Kritisiert wird auch die anvisierte Neuverschuldung: Die Regierung hatte eingeräumt, dass diese mit 5,1 Prozent auch in diesem Jahr deutlich höher liegt als geplant, zugleich aber einen ehrgeizigen Defizitabbaupfad und weiterhin eine Einhaltung des 3-Prozent-Ziels im Jahr 2027 versprochen. Der neue Wirtschaftsausblick des Internationalen Währungsfonds lässt daran jedoch zweifeln. Demnach dürfte die Neuverschuldung statt der angekündigten 2,9 Prozent vielmehr 4,3 Prozent im Jahr 2027 betragen.

Schuldenquote senken

Der dem französischen Rechnungshof angegliederte Hohe Rat für öffentliche Finanzen urteilte scharf. Die Staatsfinanzen befänden sich in einem „besorgniserregendem Zustand“, schrieb er in einer Stellungnahme. Der Rat mahnte, die Schuldenquote zu senken. Nur dann sei man gegen das Risiko eines starken Anstiegs der Zinslast gewappnet und verfüge über einen ausreichenden Handlungsspielraum, um künftige makroökonomische oder finanzielle Schocks abzufedern und klimafreundliche Investitionen zu tätigen.

Der französische Notenbankgouverneur François Villeroy de Galhau schlug zum Wochenauftakt in die gleiche Kerbe. Frankreich müsse „endlich eine glaubwürdige Haushaltsstrategie beschließen und diese dann auch einhalten“, schrieb er in seinem traditionellen Frühjahrsbrief an den Staatspräsidenten. Es sei „eine zu lange aufrechterhaltene Illusion, zu hoffen, das Abdriften unserer Ausgaben allein durch eine Wette auf eine künftige Beschleunigung des Wachstums in den Griff bekommen zu wollen“, so Villeroy.

Offen für gemeinsame Schulden

Die Staatsfinanzen unter Kontrolle zu halten sei eine von drei Stellschrauben, um Europas wirtschaftliche Souveränität zu wahren, schrieb Villeroy weiter. Zweite Stellschraube sei die Finanzkraft, die sich durch eine „echte Spar- und Investitionsunion“ stärken lasse, die dritte eine Vertiefung des Binnenmarkts. Europa könnte mehrere Prozentpunkte an Wachstum gewinnen, wenn es den jüngsten Empfehlungen des EU-Sonderbeauftragten Enrico Letta folge, erklärte Villeroy.

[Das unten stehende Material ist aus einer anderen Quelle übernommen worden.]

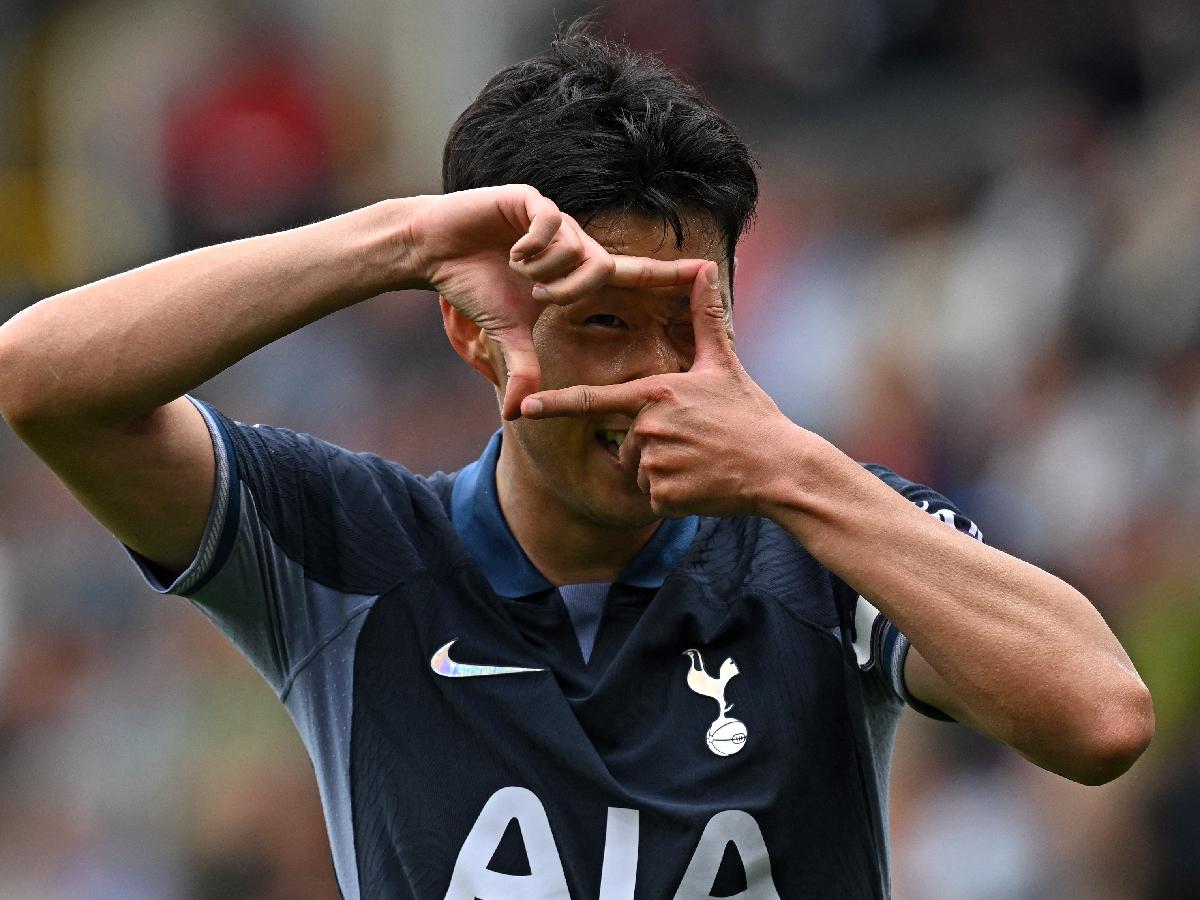Son es el actual capitán del Tottenham tras la salida de Harry Kane al Bayern Múnich.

Aufgeschlossen zeigte sich der französische Notenbanker gegenüber mehr gemeinsamen Schulden. Europa müsse wieder Spielräume schaffen, um die notwendigen zusätzlichen Ausgaben für den Klimaschutz, die Verteidigung und die Alterung sowie zukunftsorientierte Ausgaben in Innovation und Bildung zu finanzieren. „Unter dieser Voraussetzung wäre die Schaffung einer gemeinsamen Haushaltskapazität ein zusätzlicher Trumpf der Europäer“, schrieb Villeroy, der die Zeit für Zinssenkungen derweil Anfang Juni gekommen sieht.